An expert report has expressed the view that a storage facility for Germany’s nuclear waste may not be finalised until the next century.
For the past two years, a commission of scientists, industry leaders and civil society representatives have debated the question of where Germany should store waste from its soon-to-be-retired nuclear reactors.
AFP reports that the commission had hoped to reach a decision on the final site of the highly radioactive spent fuel from the country’s power plants by 2031, with the facility itself slated to open in 2050.
However that possibility has been described by commission president Michael Mueller as “ambitious.”
Gorleben, in the northern state of Lower Saxony, had been under discussion as a likely site, despite opposition from environmentalists and locals, but other sites are also being looked at.
The costs of storing the waste and safely dismantling the reactors is a very substantial financial risk for the country’s four biggest power suppliers, RWE, Vattenfall, EON and EnBW.
The 32-member commission was established in May 2014 with the mandate to define a new site selection procedure for the repository. It was asked to develop the criteria, processes and decision bases to evaluate the site selection law and to make proposals for public participation and transparency.
According to the commission’s final report, the site with “the best safety” is to be determined in a three-phase process and defined by federal law. The site selection should be accompanied by extensive public participation with bodies at regional, inter-regional and national level. The repository could be located in salt, clay or crystalline.
Currently, German radioactive waste is placed in interim storage, with used fuel mostly stored at reactor sites. Most German used fuel is reprocessed overseas.

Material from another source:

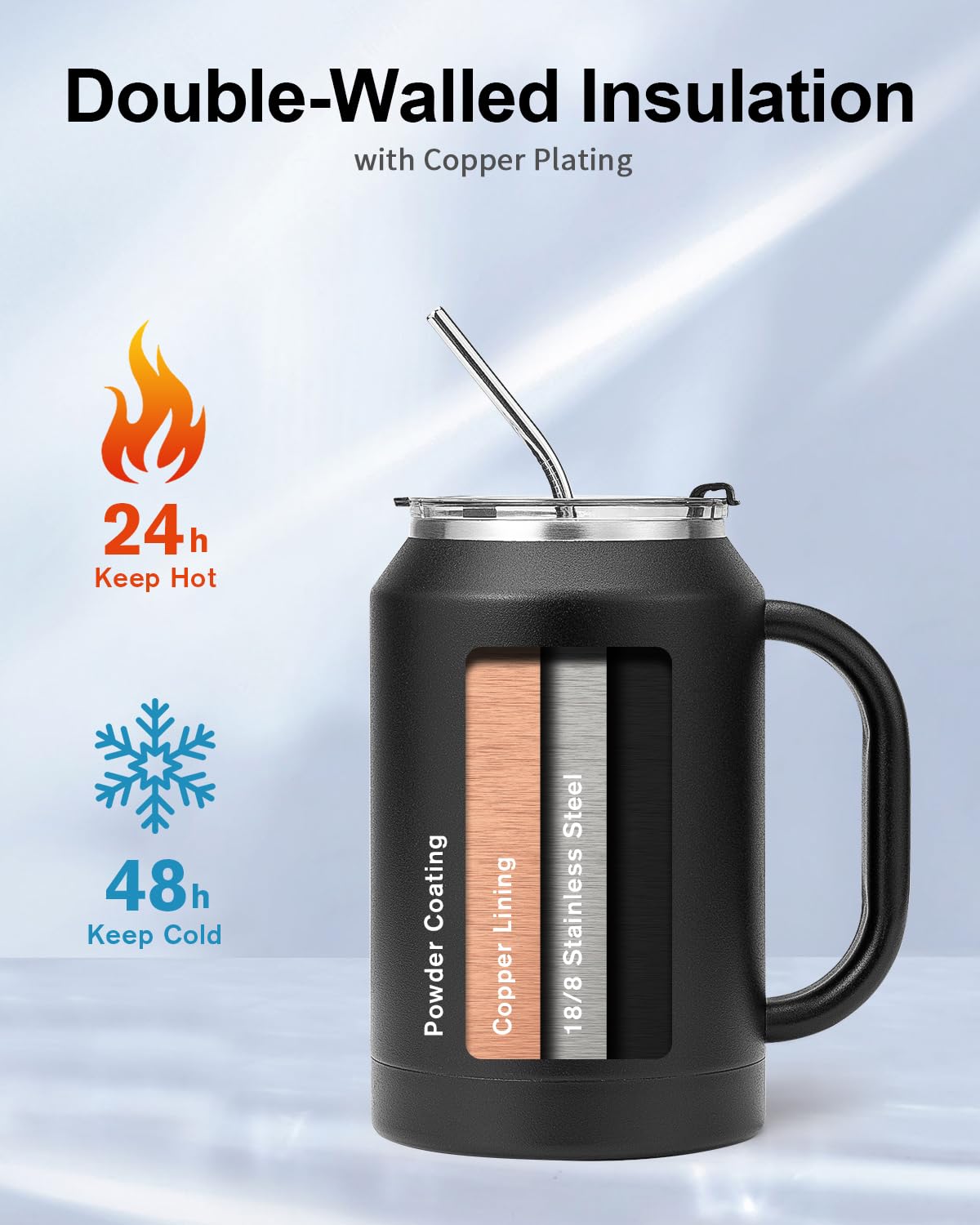 Trebo 32 Oz Stainless Steel Mug Tumbler With Handle, Vacuum Insulated Metal Iced Coffee Cup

World Nuclear News reports Ralf Güldner, president of industry group the German Atomic Forum (Deutsches Atomforum, DAtF), as saying, “In addition to the process and criteria, the commission has also developed a comprehensive and extremely ambitious involvement process that should give citizens, particularly in affected regions, far-reaching opportunities for participation.” He added, “A consistent and targeted approach is needed to arrive at a solution to this long-disputed issue.”